▸ Data excerpts:
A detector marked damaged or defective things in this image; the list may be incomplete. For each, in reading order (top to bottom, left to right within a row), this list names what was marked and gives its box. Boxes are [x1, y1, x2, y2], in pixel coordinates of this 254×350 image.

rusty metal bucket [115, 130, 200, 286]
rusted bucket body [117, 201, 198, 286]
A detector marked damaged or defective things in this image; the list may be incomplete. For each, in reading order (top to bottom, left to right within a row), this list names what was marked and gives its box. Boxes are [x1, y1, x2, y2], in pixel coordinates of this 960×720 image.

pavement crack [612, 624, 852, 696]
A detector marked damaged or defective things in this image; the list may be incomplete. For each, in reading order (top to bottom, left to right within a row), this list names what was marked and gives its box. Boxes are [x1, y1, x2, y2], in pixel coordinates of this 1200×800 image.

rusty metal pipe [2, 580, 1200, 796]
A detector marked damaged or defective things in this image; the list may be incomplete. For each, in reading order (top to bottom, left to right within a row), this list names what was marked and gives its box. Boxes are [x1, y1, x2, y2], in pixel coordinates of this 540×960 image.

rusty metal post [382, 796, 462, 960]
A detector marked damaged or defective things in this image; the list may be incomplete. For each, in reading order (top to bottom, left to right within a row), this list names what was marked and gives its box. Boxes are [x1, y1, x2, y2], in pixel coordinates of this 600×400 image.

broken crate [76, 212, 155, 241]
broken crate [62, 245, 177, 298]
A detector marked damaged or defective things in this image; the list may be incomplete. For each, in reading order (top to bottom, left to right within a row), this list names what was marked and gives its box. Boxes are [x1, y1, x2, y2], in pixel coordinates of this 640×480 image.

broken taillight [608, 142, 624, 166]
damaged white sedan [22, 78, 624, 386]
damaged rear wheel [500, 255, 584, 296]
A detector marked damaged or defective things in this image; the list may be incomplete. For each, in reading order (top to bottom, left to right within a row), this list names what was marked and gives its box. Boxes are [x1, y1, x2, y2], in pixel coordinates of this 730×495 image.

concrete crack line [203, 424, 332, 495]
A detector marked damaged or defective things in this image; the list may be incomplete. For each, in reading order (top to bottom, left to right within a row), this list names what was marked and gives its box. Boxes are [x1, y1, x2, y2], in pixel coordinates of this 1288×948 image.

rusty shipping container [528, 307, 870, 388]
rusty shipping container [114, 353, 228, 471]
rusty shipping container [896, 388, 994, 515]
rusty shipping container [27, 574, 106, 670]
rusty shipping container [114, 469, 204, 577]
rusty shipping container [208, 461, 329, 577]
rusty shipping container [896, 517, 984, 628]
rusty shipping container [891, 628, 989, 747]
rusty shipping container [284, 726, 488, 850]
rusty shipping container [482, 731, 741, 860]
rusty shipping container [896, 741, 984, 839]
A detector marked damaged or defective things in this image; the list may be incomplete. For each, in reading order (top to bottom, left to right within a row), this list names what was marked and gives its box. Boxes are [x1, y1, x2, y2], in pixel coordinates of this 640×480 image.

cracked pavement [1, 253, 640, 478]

▸ Problem: Every record above is to be written out exactly.

▸ Task answer:
A detector marked damaged or defective things in this image; the list may be incomplete. For each, in reading order (top to bottom, left to right within a row), this list names what was marked and gives its box. Boxes are [x1, y1, x2, y2], in pixel coordinates of this 254×350 image.

rusty metal bucket [115, 130, 200, 286]
rusted bucket body [117, 201, 198, 286]
A detector marked damaged or defective things in this image; the list may be incomplete. For each, in reading order (top to bottom, left to right within a row), this list names what was marked and gives its box. Boxes are [x1, y1, x2, y2], in pixel coordinates of this 960×720 image.

pavement crack [612, 624, 852, 696]
A detector marked damaged or defective things in this image; the list may be incomplete. For each, in reading order (top to bottom, left to right within a row), this list names what was marked and gives its box. Boxes are [x1, y1, x2, y2], in pixel coordinates of this 1200×800 image.

rusty metal pipe [2, 580, 1200, 796]
A detector marked damaged or defective things in this image; the list may be incomplete. For each, in reading order (top to bottom, left to right within a row), this list names what was marked and gives its box. Boxes are [x1, y1, x2, y2], in pixel coordinates of this 540×960 image.

rusty metal post [382, 796, 462, 960]
A detector marked damaged or defective things in this image; the list may be incomplete. For each, in reading order (top to bottom, left to right within a row), this list names what was marked and gives its box. Boxes are [x1, y1, x2, y2], in pixel coordinates of this 600×400 image.

broken crate [76, 212, 155, 241]
broken crate [62, 245, 177, 298]
A detector marked damaged or defective things in this image; the list may be incomplete. For each, in reading order (top to bottom, left to right within a row), this list names what was marked and gives its box. Boxes are [x1, y1, x2, y2], in pixel coordinates of this 640×480 image.

broken taillight [608, 142, 624, 166]
damaged white sedan [22, 78, 624, 386]
damaged rear wheel [500, 255, 584, 296]
A detector marked damaged or defective things in this image; the list may be incomplete. For each, in reading order (top to bottom, left to right within a row), this list names what was marked and gives its box. Boxes are [x1, y1, x2, y2], in pixel coordinates of this 730×495 image.

concrete crack line [203, 424, 332, 495]
A detector marked damaged or defective things in this image; the list may be incomplete. For each, in reading order (top to bottom, left to right within a row), this list names what was marked and gives its box. Boxes are [x1, y1, x2, y2], in pixel coordinates of this 1288×948 image.

rusty shipping container [528, 307, 870, 388]
rusty shipping container [114, 353, 228, 471]
rusty shipping container [896, 388, 994, 515]
rusty shipping container [27, 574, 106, 670]
rusty shipping container [114, 469, 204, 577]
rusty shipping container [208, 461, 329, 577]
rusty shipping container [896, 517, 984, 628]
rusty shipping container [891, 628, 989, 747]
rusty shipping container [284, 726, 488, 850]
rusty shipping container [482, 731, 741, 860]
rusty shipping container [896, 741, 984, 839]
A detector marked damaged or defective things in this image; the list may be incomplete. For each, in reading order (top to bottom, left to right within a row), this list names what was marked and gives its box. Boxes are [x1, y1, x2, y2], in pixel coordinates of this 640×480 image.

cracked pavement [1, 253, 640, 478]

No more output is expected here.